**AVAILABLE DATA:**
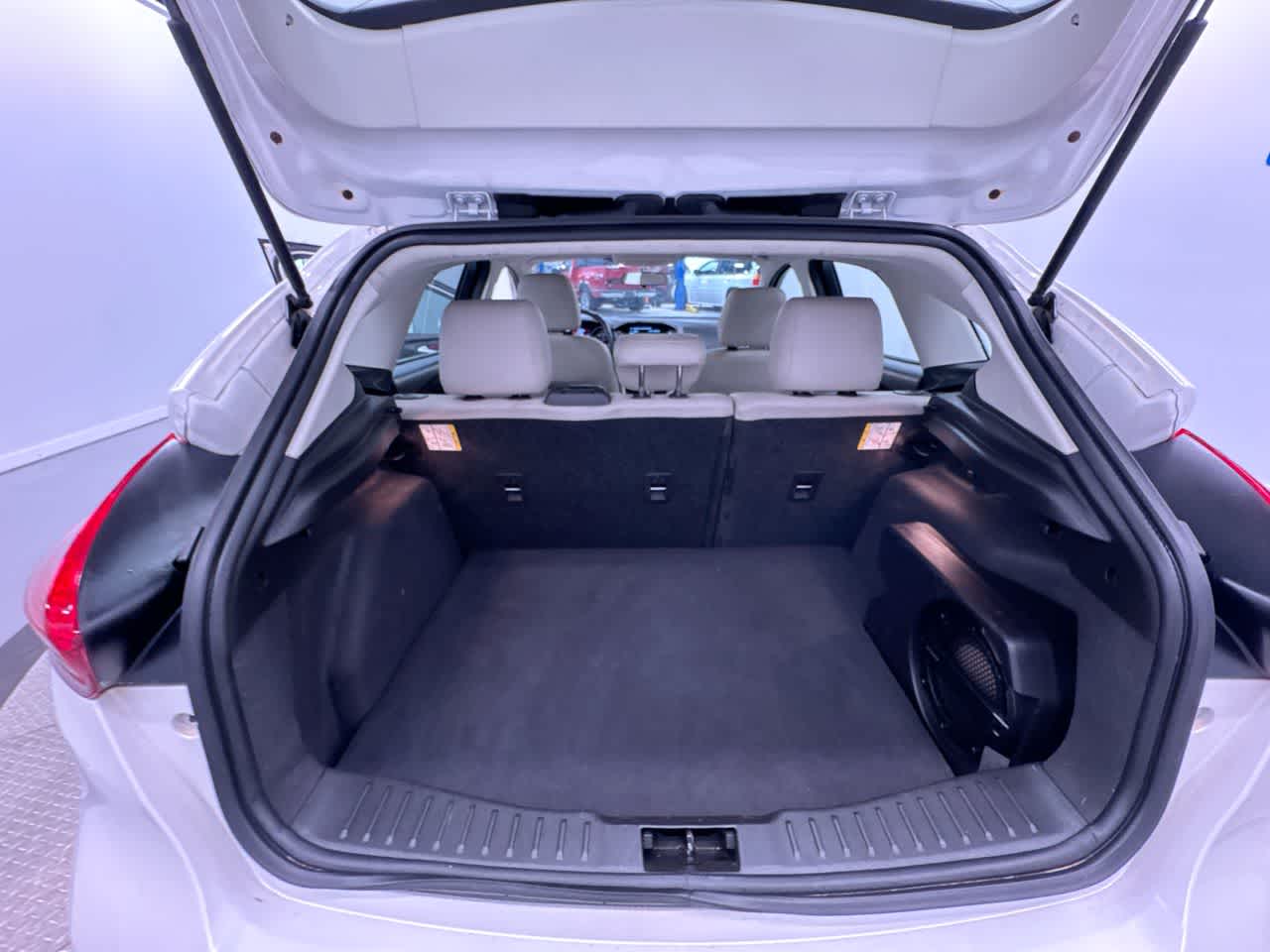 2016 Ford Focus Titanium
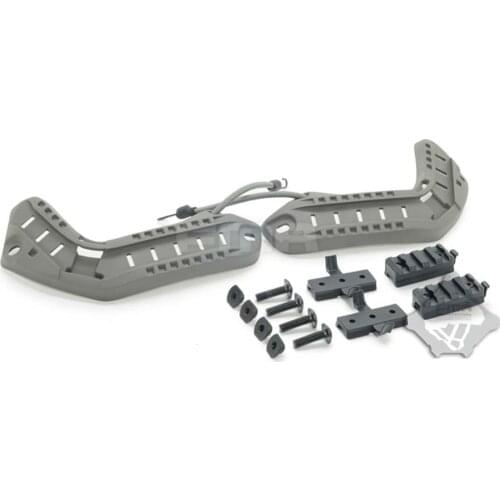 FMA FG Color Helmet Rail for MICH/ACH/PASGT Helmet Tactical OPS FAST Helmet Guide TB291 Free Shipping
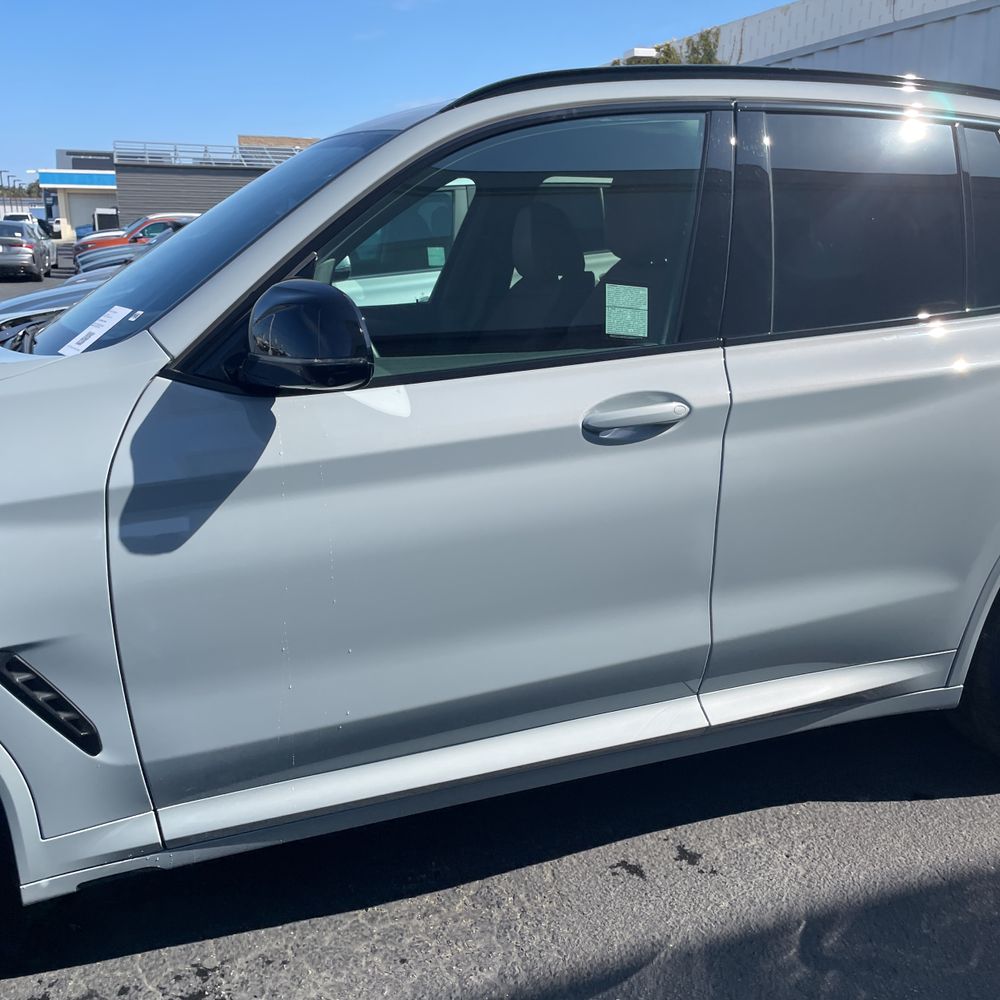 2024 BMW X3 M40i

**GOAL OF THE EXERCISE:**
Pictures stay out. Write out everything else in the material exactly.

**ANSWER TO THIS PROBLEM:**
 2016 Ford Focus Titanium
 FMA FG Color Helmet Rail for MICH/ACH/PASGT Helmet Tactical OPS FAST Helmet Guide TB291 Free Shipping
 2024 BMW X3 M40i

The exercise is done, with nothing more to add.